Stack overflow check reliability

ilgitano wrote on Thursday, September 04, 2014:

Using IAR/MSP430/FreeRTOS7.6.2

When using configCHECK_FOR_STACK_OVERFLOW == 1 and heap_1 malloc code, stack overflow checks don’t catch stack overflows.

The reason is that the ordering of mallocs in prvAllocateTCBAndStack results in the tasks control block being immediately below the stack. On MSP430/ARM the stack grows down, so the first casualty of a stack overflow is the tasks control block, in particular trashing the pxStack/pxEndOfStack fields.

taskFIRST_CHECK_FOR_STACK_OVERFLOW cannot work, since it uses pxStack/pxEndOfStack in the test.

Additionally, since the TCB is trashed, when the stack overflow callback DOES get triggered, the task name is trash.

I’ve made some minor changes in my local code base to fix this - in prvAllocateTCBAndStack. I have submitted a bug (#93) which was closed-rejected. Perfectly reasonably as I just submitted my patch with a description of the fix, no description of the problem. I have been instructed to reopen the bug with a clearer explanation.

How do I reopen a bug? And does anyone think its worth it?

rtel wrote on Thursday, September 04, 2014:

Hi - thank you for your feedback. You raise an issue that we have had quite some debate about, and I understand your comments better now having read them again here rather than originally in the bug report.

The issue is that a member of the TCB that is used in the stack overflow calculation has a high probability of itself having been overwritten:

This issue was the reason the second method of stack overflow detection was added. The second method is not trying to compare addresses, but compare what it finds at that addresses, so has more than a 50/50 chance of working if the values it uses in the test are themselves corrupt.
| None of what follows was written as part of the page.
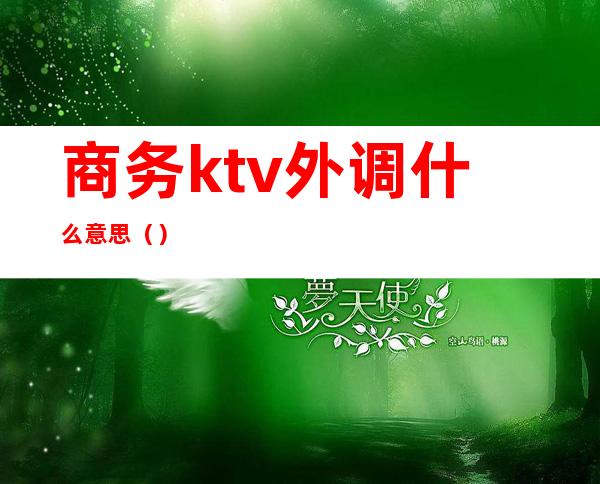 商务ktv外调什么意思()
The second method is not fool proof though as it could in turn just cause a crash if the pxCurrentTCB->pxStack value points to invalid memory. That risk is minimised as pxCurrentTCB->pxStack is only read, not written to, but the risk still exists. It is also much less efficient (but will always be more reliable as it will catch most overflows that occur at any time, rather than just when the context is saved).

So then the question is what to do about this, and several options have been played with.
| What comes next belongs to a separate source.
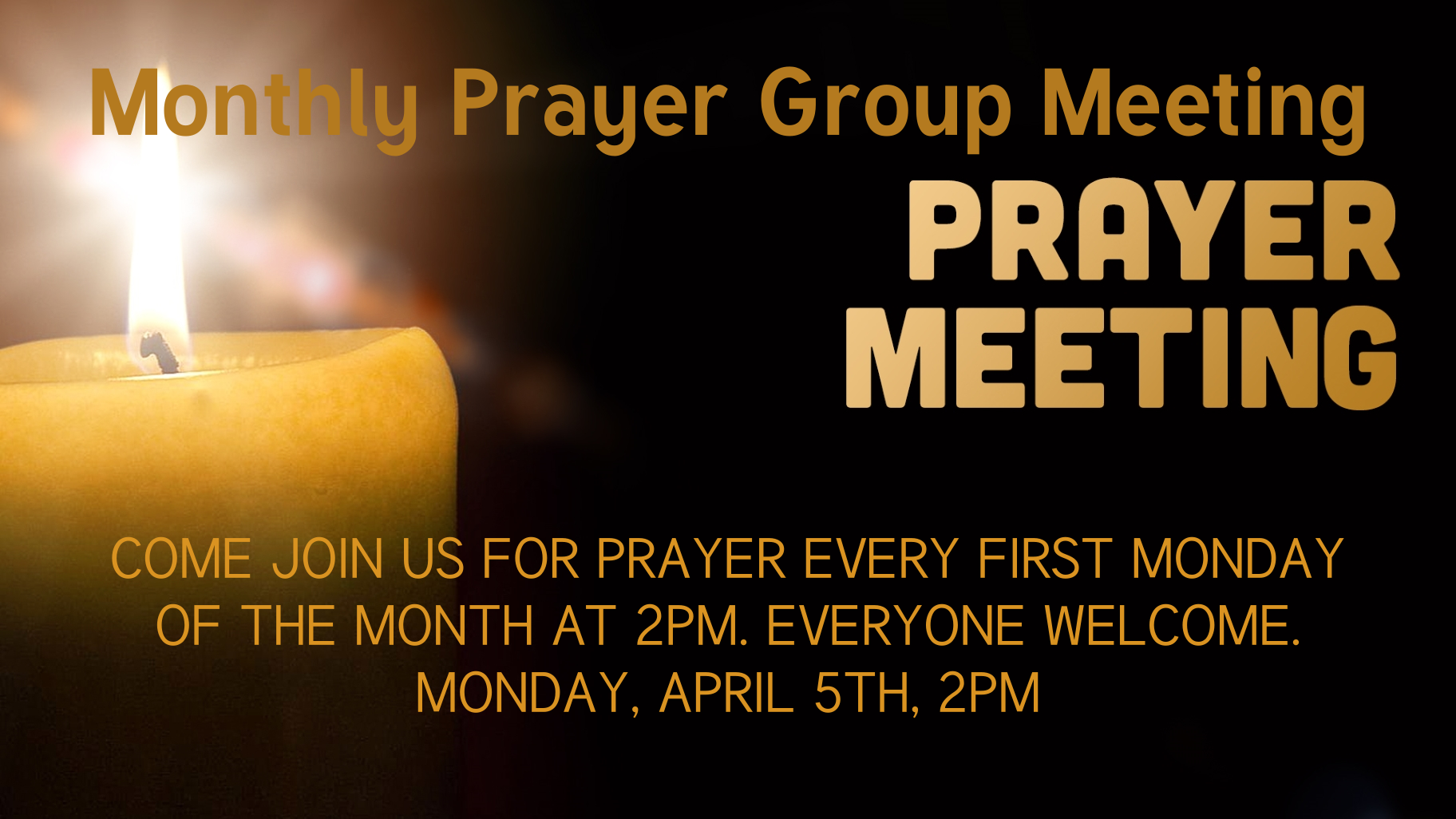 Monthly Prayer Meeting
The first is, as you say, to place the TCB at the other end of the stack. Our thinking on that was that if a stack overflow did occur, and the TCB was at the other end of the tack, then the overflow will instead clobber the TCB of a task other than the task that actually overflowed its stack (assuming no queues or semaphores etc. existed between the two tasks) - and the general conclusion was that it was not a good idea to corrupt a task that was actually fully functioning without error. The result was you effectively had two tasks that were now bad rather than just one - which might be ok - but you had to try and determine which task is was that the corrupted TCB actually belonged to - where as with the code as it is at the moment you already new that as pxCurrentTCB is point to it.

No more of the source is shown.